Do you make unnecessary payments to your mortgage lender?

Follow the next four steps and discover if you are overpaying your lender; understand your mortgage payments, mortgage insurance, your home market value, and navigate your options.

  1. Mortgage monthly payments

You send one monthly payment to your lender. By understanding what your payment entails. you can check if there is any way to reduce the payment.

Review your monthly statement bill or  your account online, and compare the following:

PITI are the initials for Principal, Interest, Taxes, and Insurance.

Some loans will allow you to pay only Principal (your debt amount) and interest, and you can pay your property taxes and home insurance on your own. Other mortgages will require you to escrow the property taxes and home insurance, which means that part of your monthly payment is set aside in escrow to cover the cost of the property taxes and home insurance when due. Some will prefer to escrow the taxes and insurance payments even though they are not obligated to do so, as in this case, there are two fewer things to worry about.

Before continuing, check the following:

Did your home insurance premium increase? As it is bundled with the total amount you are paying the lender, it is easy to miss or misunderstood if other parts of the monthly payment increase, such as property taxes. If your home insurance has increased, shop around. Compare. You have the right to change insurance providers; just update your lender. Do you know what mortgage program you have? Conventional, FHA, VA, or other? In your monthly escrow amount, do you send additional payments as mortgage insurance? Check all, and let’s continue understanding mortgage insurance.

  1. Mortgage Insurance

Mortgage Insurance is different from home insurance. It does not serve you, the homeowner. It lowers the risk to the lender of making a loan to you, so you can qualify for a loan that you might not otherwise be able to get.

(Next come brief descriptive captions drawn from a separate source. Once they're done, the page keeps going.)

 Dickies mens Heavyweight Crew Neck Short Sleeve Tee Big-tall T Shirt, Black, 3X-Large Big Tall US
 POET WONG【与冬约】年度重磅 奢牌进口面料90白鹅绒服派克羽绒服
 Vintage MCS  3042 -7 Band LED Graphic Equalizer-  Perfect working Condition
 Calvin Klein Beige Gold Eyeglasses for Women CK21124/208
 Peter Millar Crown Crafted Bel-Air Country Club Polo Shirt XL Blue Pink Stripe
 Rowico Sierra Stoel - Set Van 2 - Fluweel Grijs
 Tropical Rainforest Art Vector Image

Typically, borrowers making a down payment of less than 20 percent of the home’s purchase price in a Conventional loan, or if you have an FHA loan (Government insured loan), will need to pay for mortgage insurance.

You will hear the terms PMI and MIP. A mortgage Insurance Premium (MIP) is an upfront and monthly mortgage insurance premium required when you do an FHA loan. Private Mortgage Insurance (PMI) is the mortgage insurance you pay when you have a conventional loan and put a down payment of less than 20%.

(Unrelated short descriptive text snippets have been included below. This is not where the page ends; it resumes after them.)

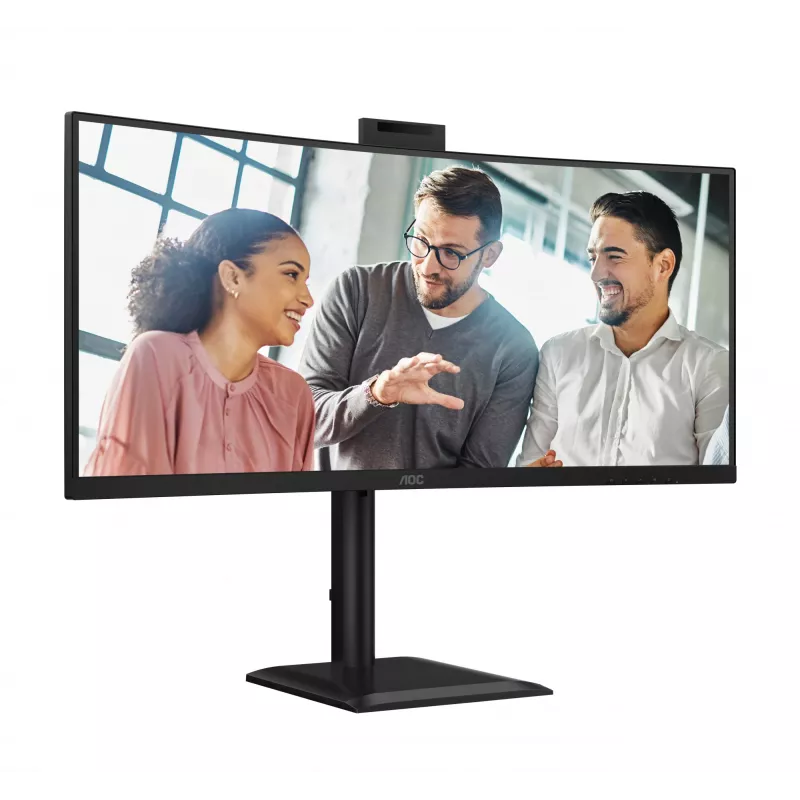 AOC E4 CU34E4CW computer monitor 86.4 cm (34 inch) 3440 x 1440 pixels UltraWide Quad HD LED Black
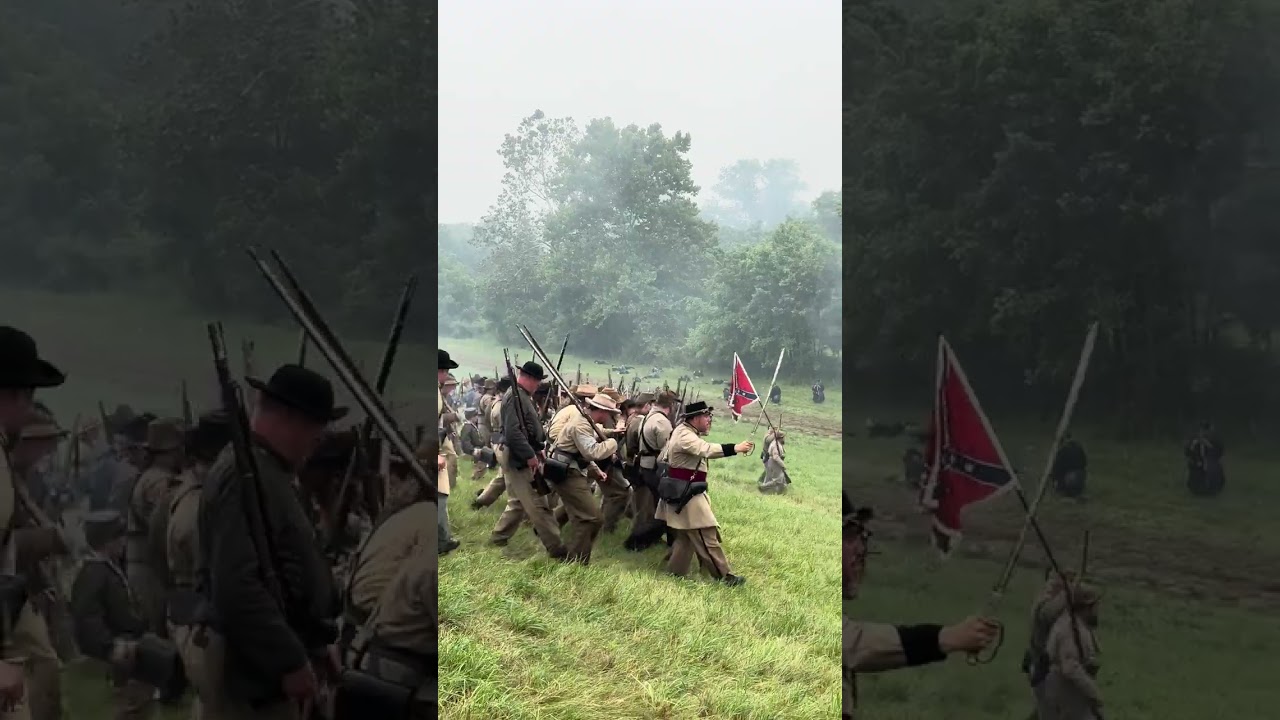 Here they come Gettysburg 160th Anniversary!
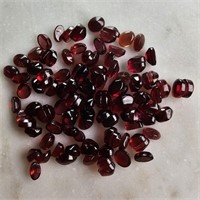 59 Ct Cabochon Small Calibrated Garnet Stones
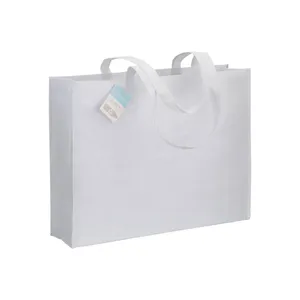Sacs promotionnels écologiques personnalisés en R-PET à soufflets pour le shopping - Product Image 2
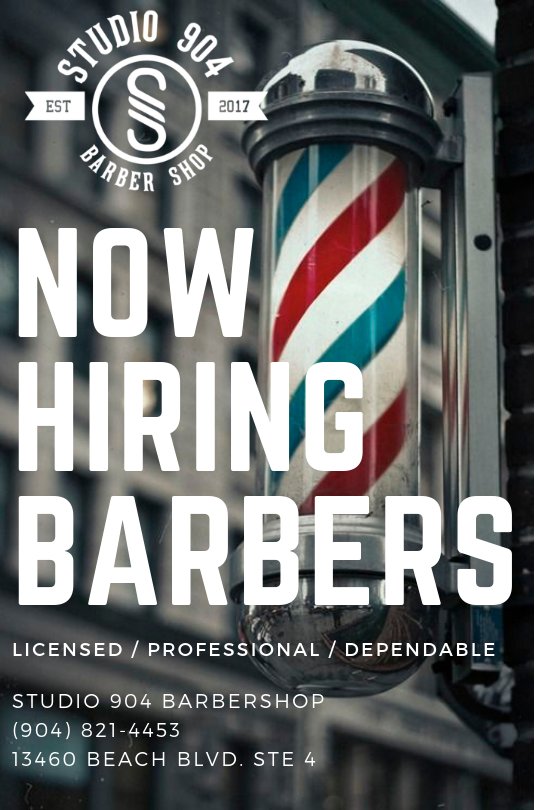 Studio_904's tweet image. Studio 904 is hiring professional licensed barbers!!!
We're looking for barber's with a great professional attitude that pays close attention to the details! Must be reliable and willing to work.
Think you'll be a good fit? Give us a call or stop by!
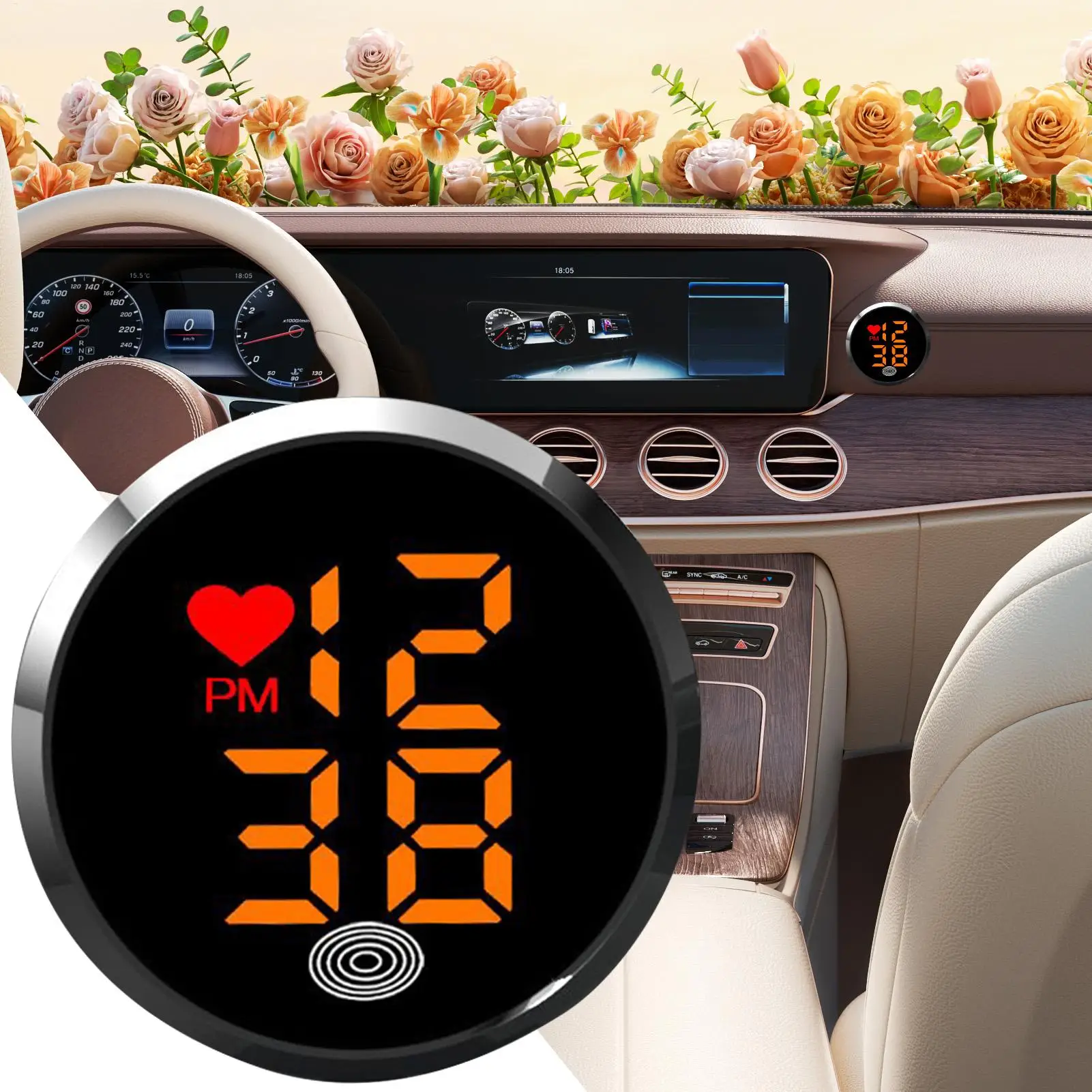 Clock For Car Dashboard Motorbike Adhesive Digital Clocks Stick On Small LED Time Display Watch For Bike Air Vent Truck
Clock For Car Dashboard Motorbike Adhesive Digital Clocks Stick On Small LED Time Display Watch For Bike Air Vent Truck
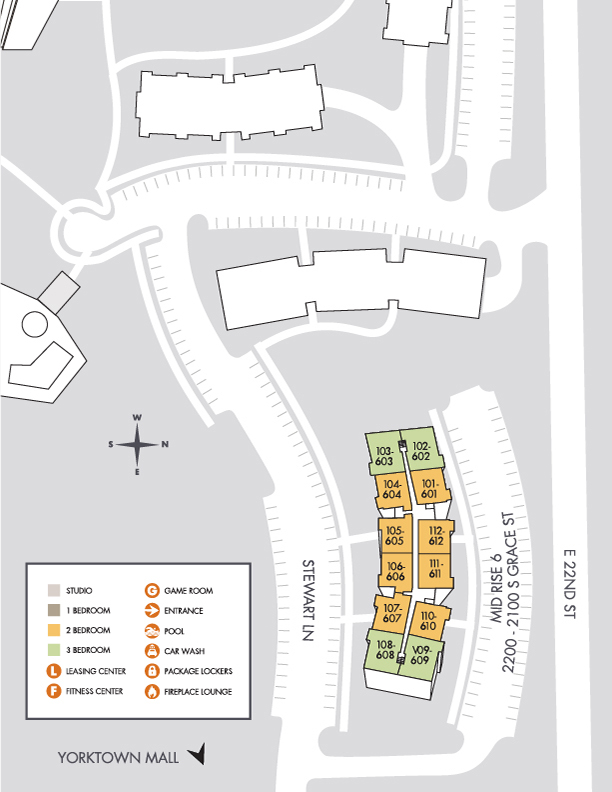 Yorktown Apartments | Lombard, IL | Map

There is one big difference you need to be aware of:

In a conventional loan, you will pay the mortgage insurance payment until your debt gets to 78% of the home value.

In an FHA loan, you will pay the MIP for a set number of years or for the life of the loan, regardless of your current debt percentage.

Why do you need to know all this? Because if you do pay your lender mortgage insurance, you should be aware under what terms you can stop paying it.

  1. Your home market value, LTV, and what it means for you.

When you purchased your home, the lender calculated your down payment as a percentage of the purchase value. For example, if you paid a $30,000 down payment on a $300,000 home a few years ago, you paid 10% down, and your debt was 90% of the home’s value. As you pay down your debt, the lender will compare your debt to the home’s original value to determine your Loan-to-Value (LTV), regardless of your home’s current value.  If you have a conventional loan, the PMI should be dropped when your debt is down to 78% LTV.

With the $270,000 loan mentioned above, in a 30-year mortgage at a 5% interest rate, if you do not make additional payments to the lender, it will take you over seven years to drop the PMI! On the other hand, after three years, the principal will be down about $12,000, and if your home increases its value by  $30,000, your LTV is under 80%. The numbers used are just an example for better understanding. You need to be aware of your home’s market value, and as your debt is being paid off, did your LTV reduce enough to call your lender?

  1. Your options

If you have a conventional or FHA loan, you will approach the options differently to stop paying the mortgage insurance.

If you have a conventional loan, Be aware if your home’s market value increases, and as a result, if your LTV is reduced to under 80%, you do not need to refinance the mortgage. You call your lender and ask for an appraisal. The lender will then recalculate your LTV based on a new appraisal. You will be charged for the appraisal, but often it will be balanced fast as the PMI is dropped. Check with your lender about their requirements to send an appraisal and the costs involved. If, theoretically, the appraisal comes back with a different market value than what you thought, let’s assume your LTV is now 81%. The PMI will not drop yet, but it will occur much sooner than expected, as your debt will be compared to the new appraised home value.

If you have an FHA loan, you can’t drop the MIP, unless you refinance to a conventional loan. In this case, check the numbers, as the fact you are paying mortgage insurance does not mean you do not have a good loan. A mortgage insurance payment while having a low-interest rate, can be more beneficial than a high-interest rate with no mortgage insurance.

Is it convenient for you to refinance? Can you qualify for a conventional loan? Do you have enough equity to do a cash-out refinance if desired? What is the option that can benefit you the most? Let the numbers talk.